→ INFORMATION SUPPLIED:
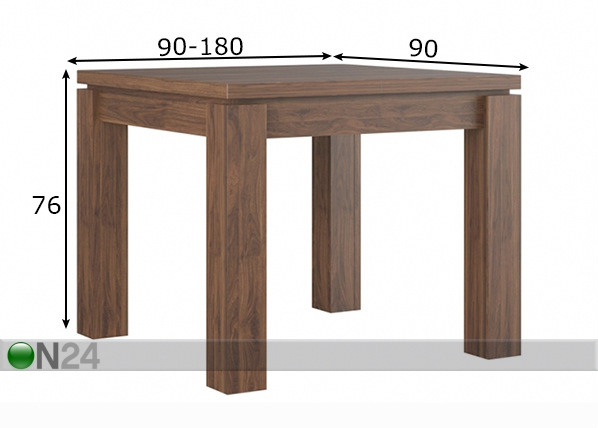 Удлиняющийся обеденный стол 90-180x90 cm размеры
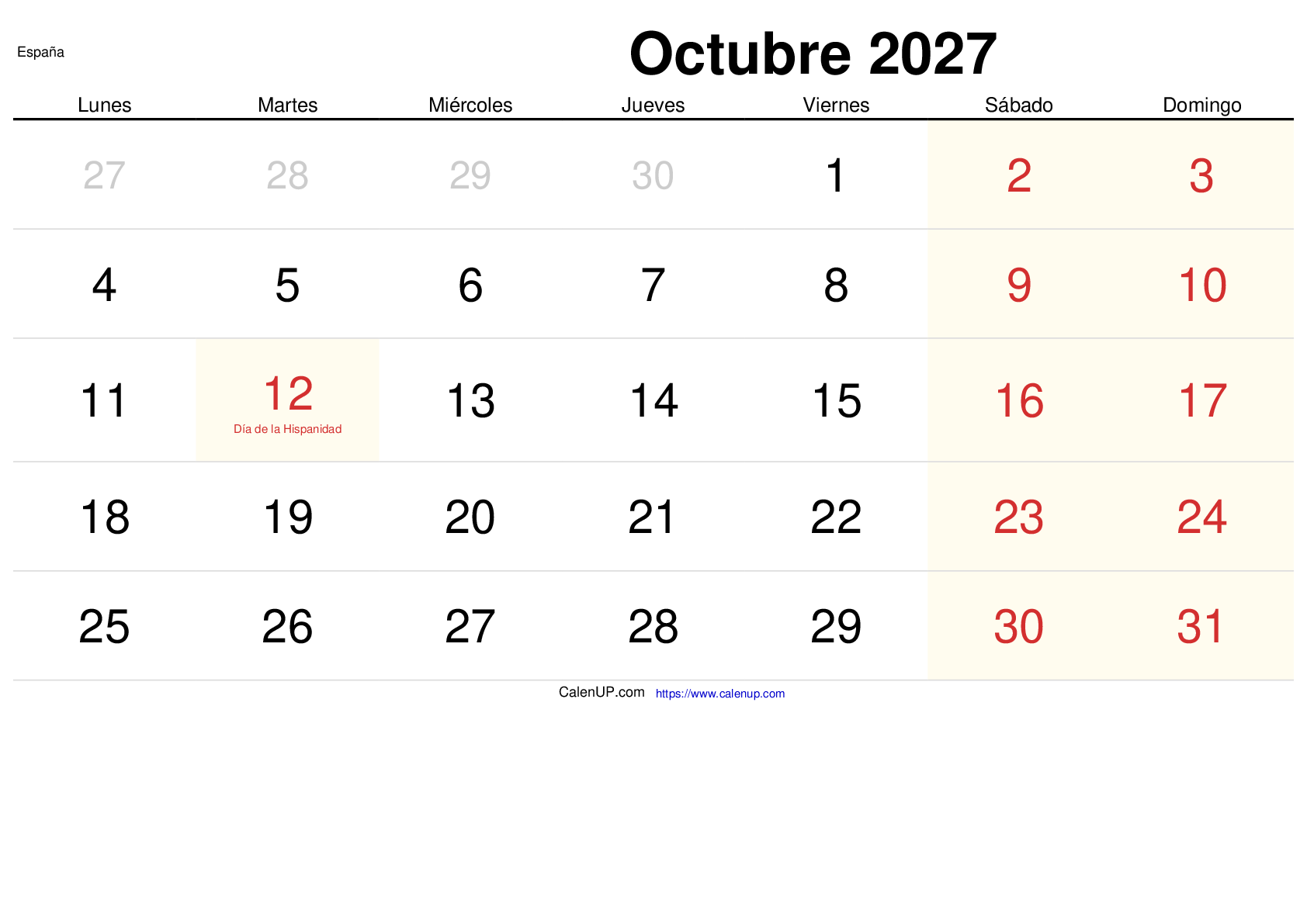 Calendrier Octobre 2027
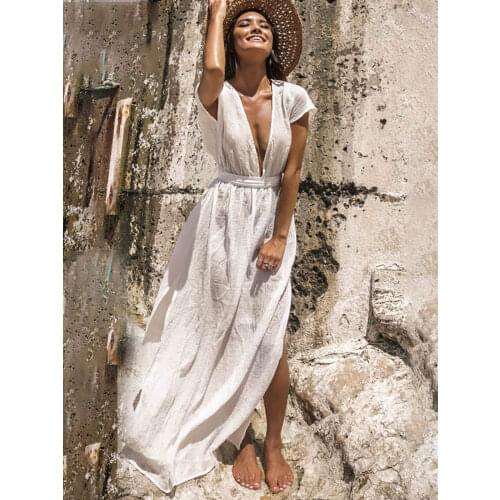 Fitshinling Backless Deep V Neck Boho Long Dress Tunic Swimwear Sexy Hot White Dress Slit Summer Holiday Pareo Women Maxi Dress
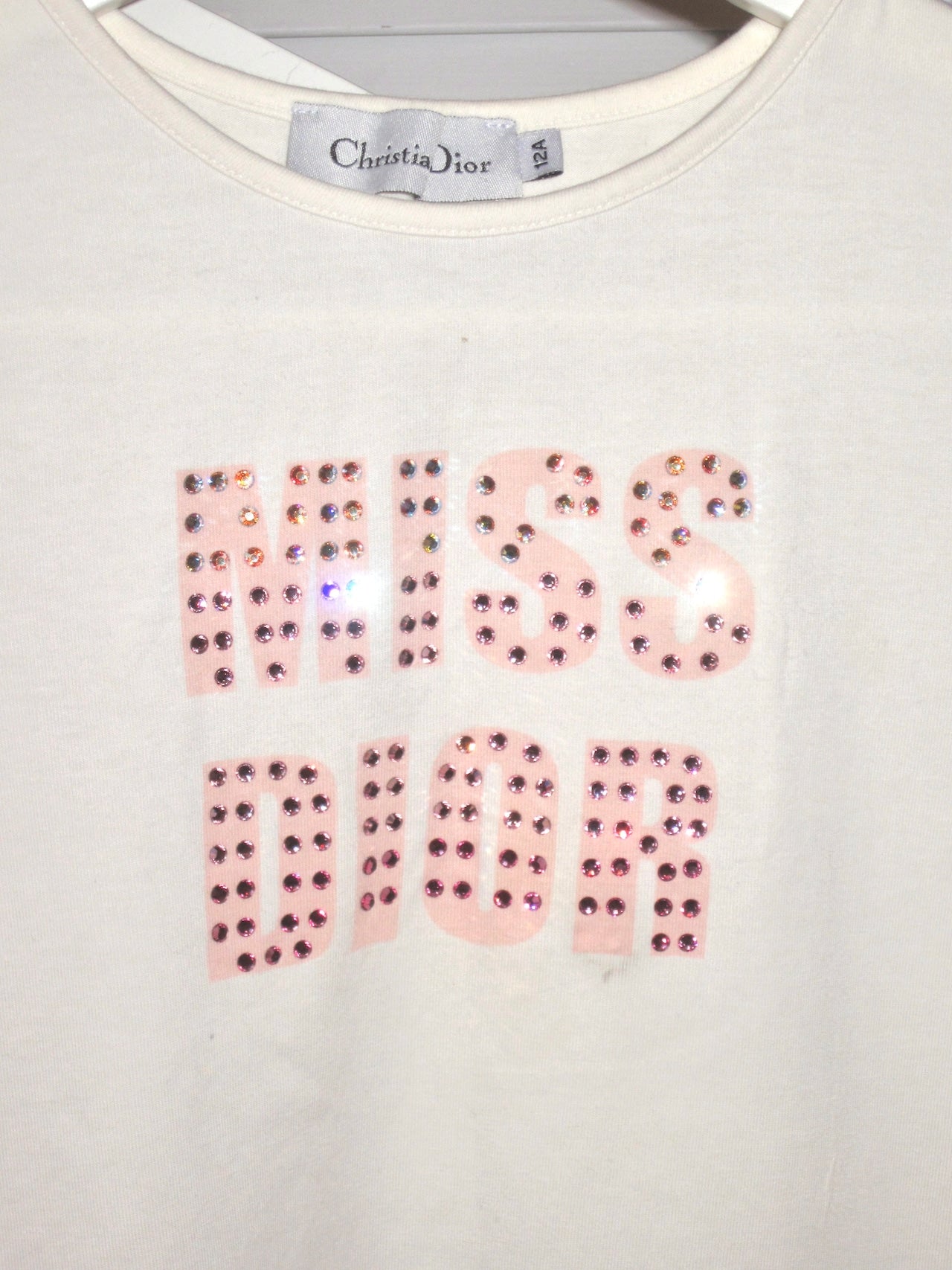 Vintage miss Dior baby pink rhinestone baby tee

→ WHAT IS EXPECTED: Restate the material above word for word, dropping the pictures.

→ ANSWER TO THIS PROBLEM:
 Удлиняющийся обеденный стол 90-180x90 cm размеры
 Calendrier Octobre 2027
 Fitshinling Backless Deep V Neck Boho Long Dress Tunic Swimwear Sexy Hot White Dress Slit Summer Holiday Pareo Women Maxi Dress
 Vintage miss Dior baby pink rhinestone baby tee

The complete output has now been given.